Dr. Lamy and colleagues note that they treat about 200 patients per year with denosumab. They also identified 32 women with osteoporosis who stopped taking the drug and did not develop vertebral fractures; 26 had been treated with bisphosphonates before or after taking denosumab.
It may be possible to reduce or prevent BTR with denosumab by administering bisphosphonates before or after treatment with the drug, based on their own clinical experience, the researchers note.

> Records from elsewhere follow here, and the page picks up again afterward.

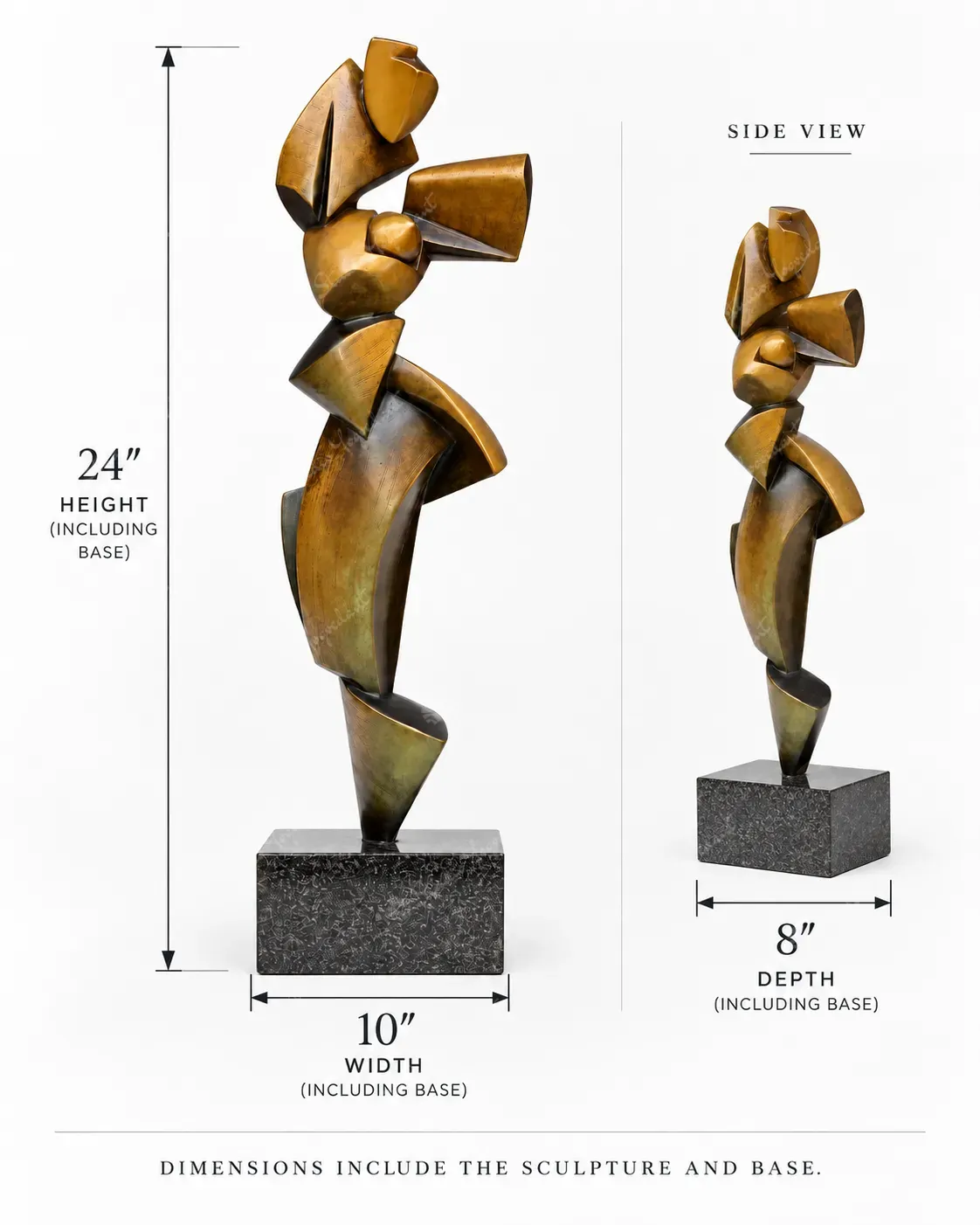 Bronze-Effect Geometric Figure Sculpture - Image 5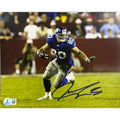 Jeremy Shockey New York Giants Blue Jersey Running Autographed 8x10 Photo BAS product image 1, provided for visual reference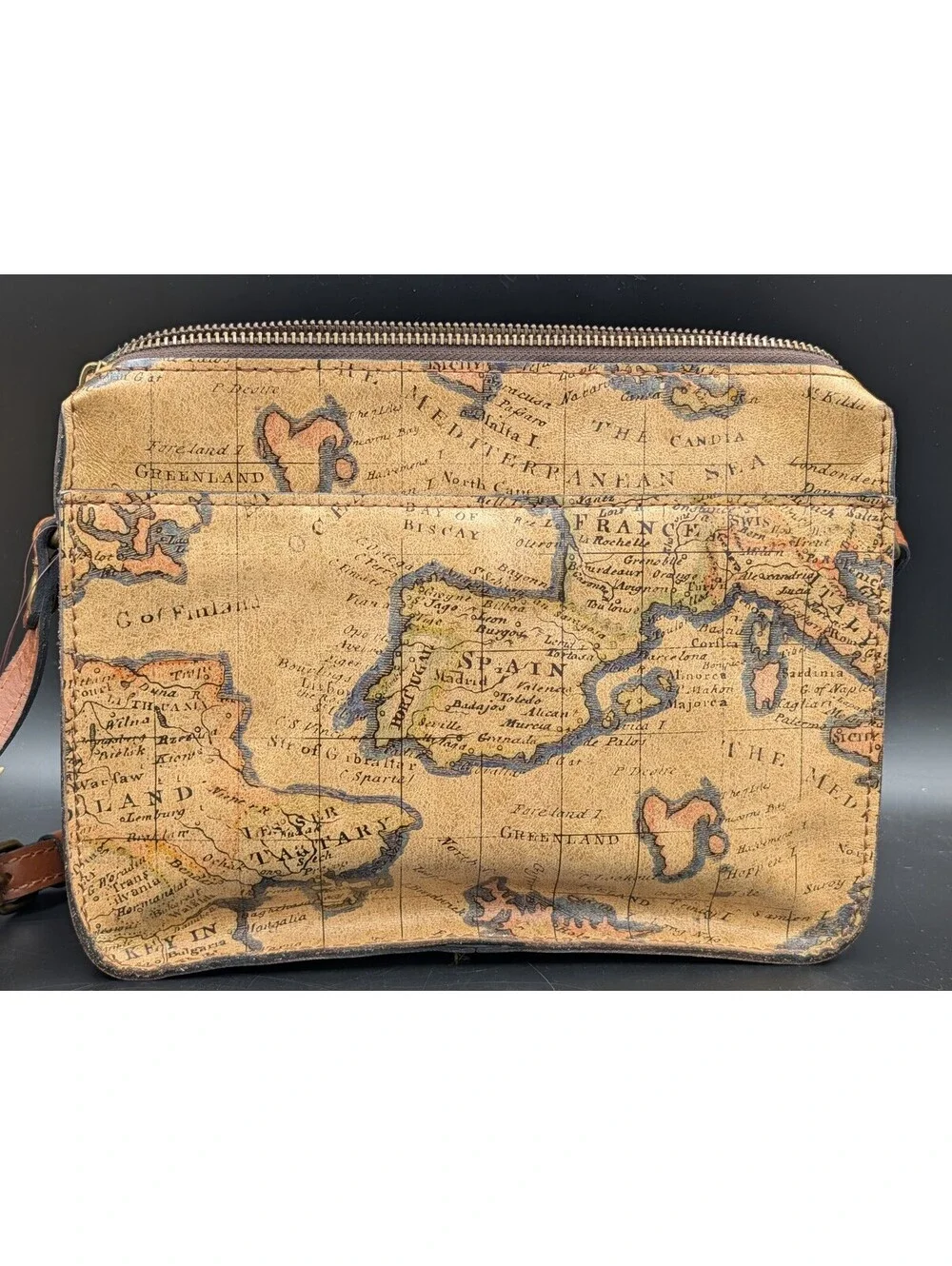 Patricia Nash Nerina Crossbody Bag European Map Leather NWT Dust Bag Included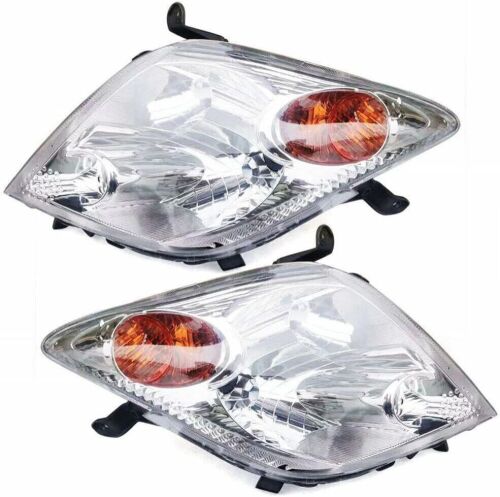 Headlight Assembly Pair for 2004 2005 Scion xA, Chrome Housing Clear Lens - Lot 314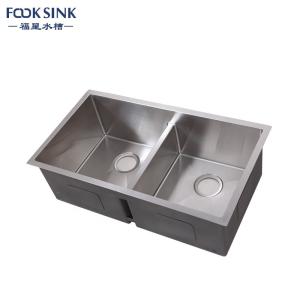 Undermount Double Bowl Undermount Sink , Rectangular Commercial Double Bowl Sink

“The expected compliance of patient and the resources to guarantee medical examination at regular intervals should be considered before starting denosumab treatment,” they add. “However, oncedenosumab is started, it should be scrupulously given every six months.”
They call for randomized controlled trials to investigate the role of pre- and post-treatment with bisphosphonates in decreasing rebound-associated vertebral fractures after denosumab discontinuation.
“In the meantime, health authorities, physicians and patients must be aware of this . . . risk, anddenosumab injections must be scrupulously done every six months, but not indefinitely,” the researchers conclude.
Dr. Lamy did not respond to an interview request by press time.
Reference
Lamy O, Gonzalez-Rodriguez E, Stoll D, et al. Severe rebound-associated vertebral fractures after denosumab discontinuation: nine clinical cases report. J Clin Endocrinol Metab. 2016 Oct 12:jc20163170. [Epub ahead of print].